How AI powers breath analysis at RespiQ

Human breath contains over 1,000 volatile organic compounds (VOCs). Some combinations of these VOCs reflect basic metabolic processes and are common to most people. Other combinations serve as unique identifiers of disease onset and may therefore be considered as disease biomarkers 1,2​. These VOCs make up less than 1% of exhaled breath, with the remaining 99% consisting of nitrogen, oxygen, carbon dioxide, and water vapour. Therefore, detecting disease biomarkers means finding signals that are three orders of magnitude smaller than the background, in the part-per-billion range: a needle-in-a-haystack problem that has constrained breath analysis for decades.

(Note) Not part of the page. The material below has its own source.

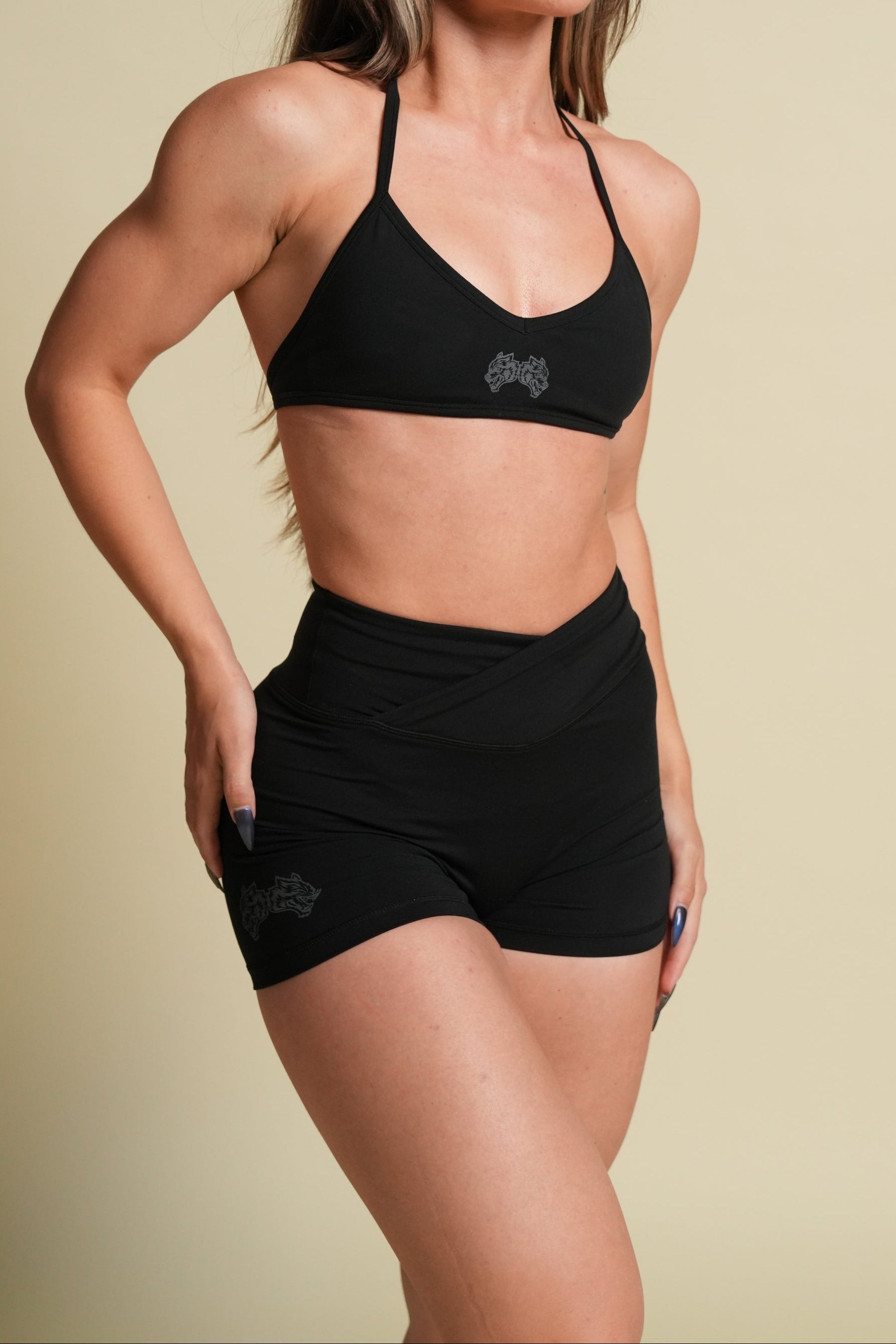 IYKYK Wolves "Pearl" Shorts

At RespiQ, we are developing an AI-driven approach that pushes detection sensitivity from parts-per-million (PPM) to parts-per-billion (PPB) levels, unlocking the potential for early disease detection through breath analysis. 

 
 
 

Breath composition: Nitrogen (74%), Oxygen (15%), Carbon Dioxide (4.5%), Water (5%), and Argon (0.9%) dominate exhaled breath, while disease biomarkers hide in the <1% VOC fraction 

 
 

The technical challenge 

At RespiQ, we use plasma emission spectroscopy to analyze breath composition.

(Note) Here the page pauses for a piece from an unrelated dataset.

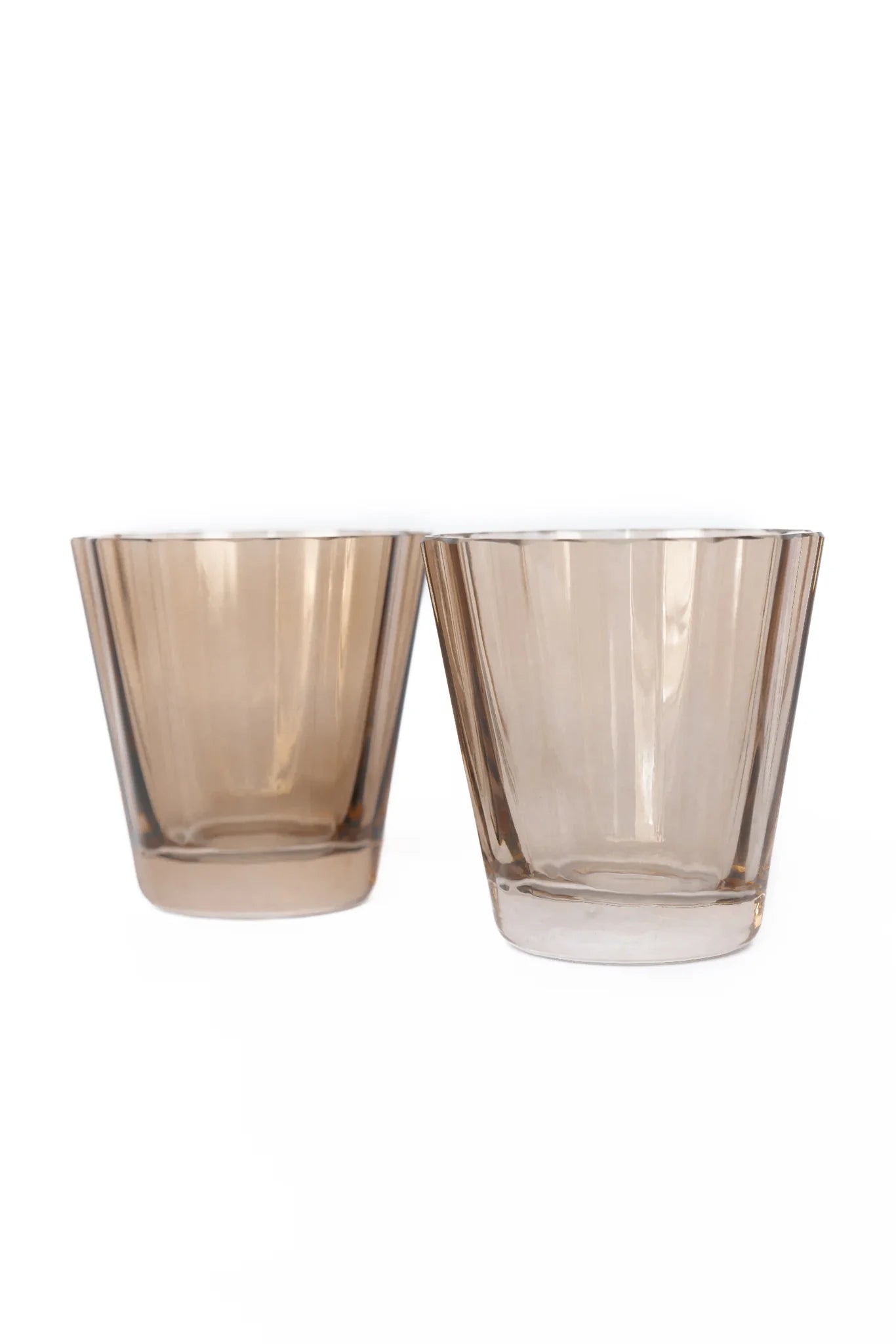 Estelle Colored Glass, Sunday Low Balls, Set of 2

Traditional analytical chemistry can identify known compounds at characteristic wavelengths. However, these traditional methods struggle with breath analysis, because target biomarkers are typically found at PPB levels–three orders of magnitude below conventional detection limits! Often, VOCs have overlapping emission bands, requiring simultaneous analysis of hundreds of coupled wavelengths rather than simple single-wavelength measurements. Further complicating matters, everyone's baseline breath is different: Age, diet, genetics, and medication all shift the chemical landscape, turning what looks like a disease signature in one person into normal variation in another.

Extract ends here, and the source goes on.